• **Exercise details**
Would you output the lines from the one with "Conjuntos de Ropa" through the last line of the material below, exactly, but without pictures?

• **Data provided**

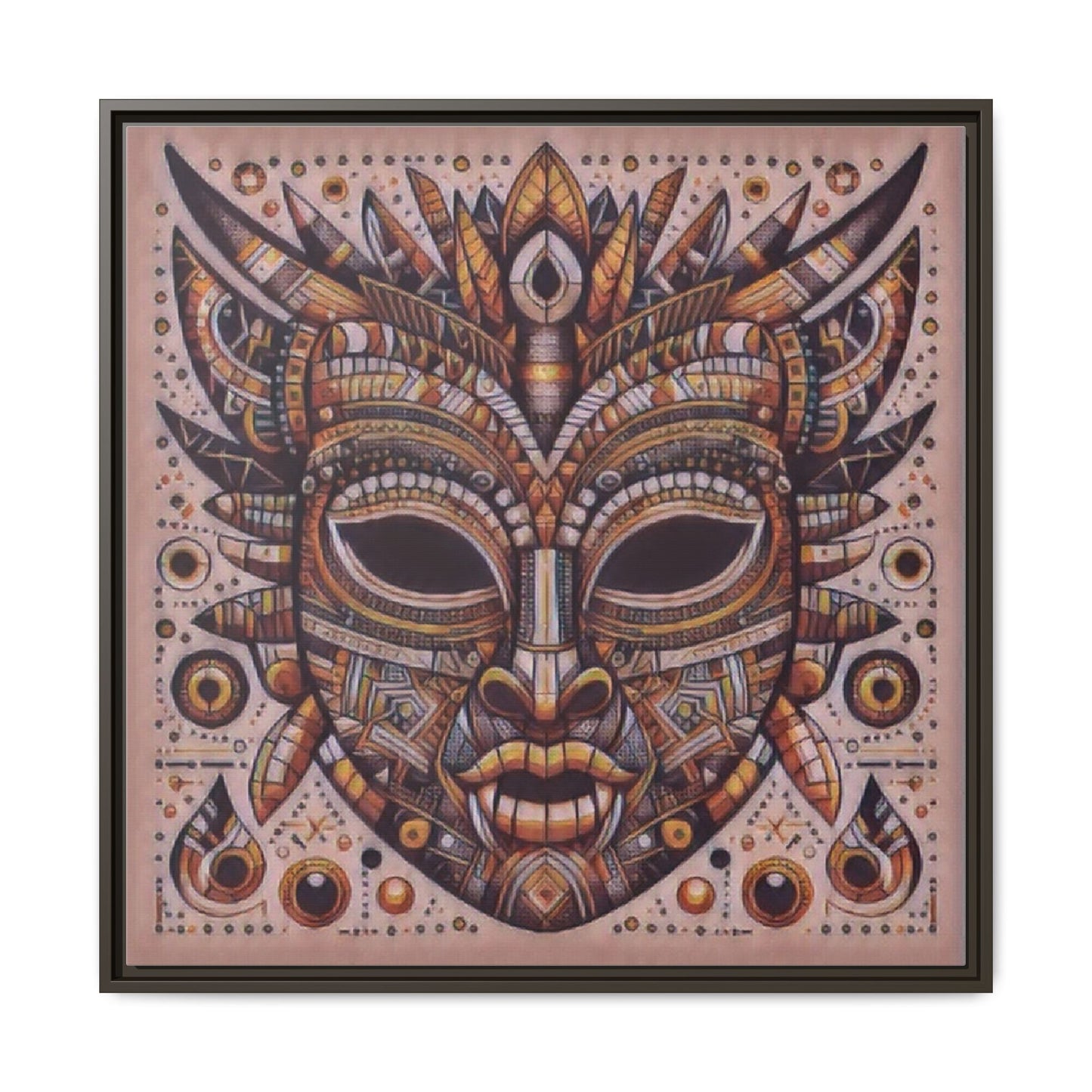Tribal Mask Framed Canvas Art — Multicolor Matte Wall Decor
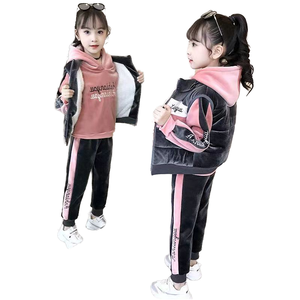 Conjuntos de Ropa Casual Abrigada de 3 Piezas para Niñas al por Mayor, Sudaderas, Pantalones y Chaleco de Forro Polar de Algodón Estilo Urbano para Temporadas de Primavera e Invierno - Product Image 6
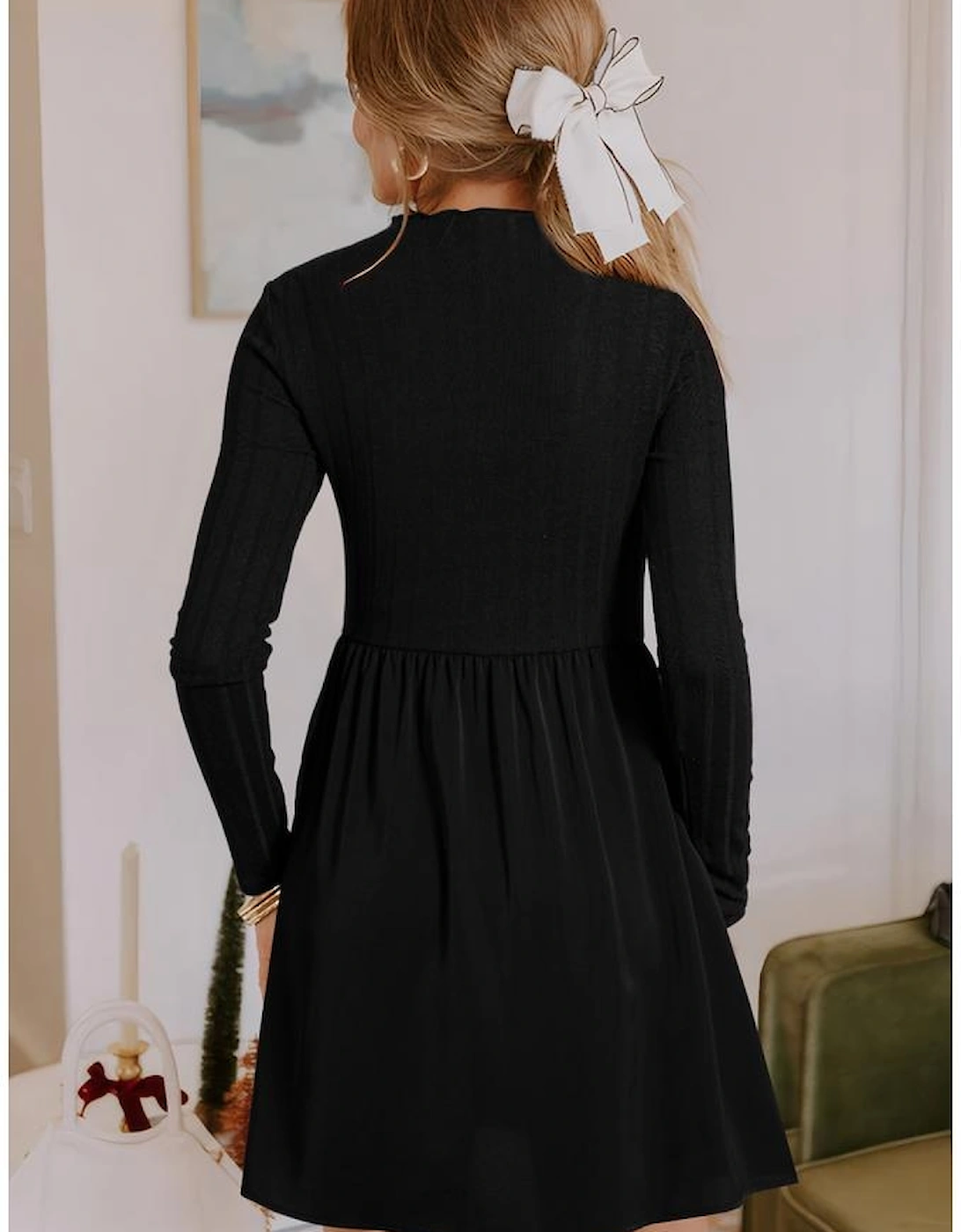 Black Frilled Neck Ribbed Knit Patchwork Long Sleeve Mini Dress, 12 of 11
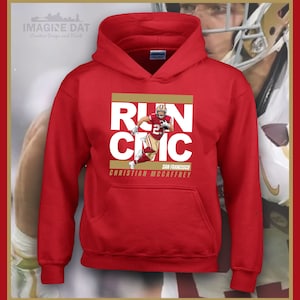 Christian McCaffrey &#39;RUN CMC&#39; DTF Red Hoodie #1 (Unisex)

• **Result of the task**
 Conjuntos de Ropa Casual Abrigada de 3 Piezas para Niñas al por Mayor, Sudaderas, Pantalones y Chaleco de Forro Polar de Algodón Estilo Urbano para Temporadas de Primavera e Invierno - Product Image 6
 Black Frilled Neck Ribbed Knit Patchwork Long Sleeve Mini Dress, 12 of 11
 Christian McCaffrey &#39;RUN CMC&#39; DTF Red Hoodie #1 (Unisex)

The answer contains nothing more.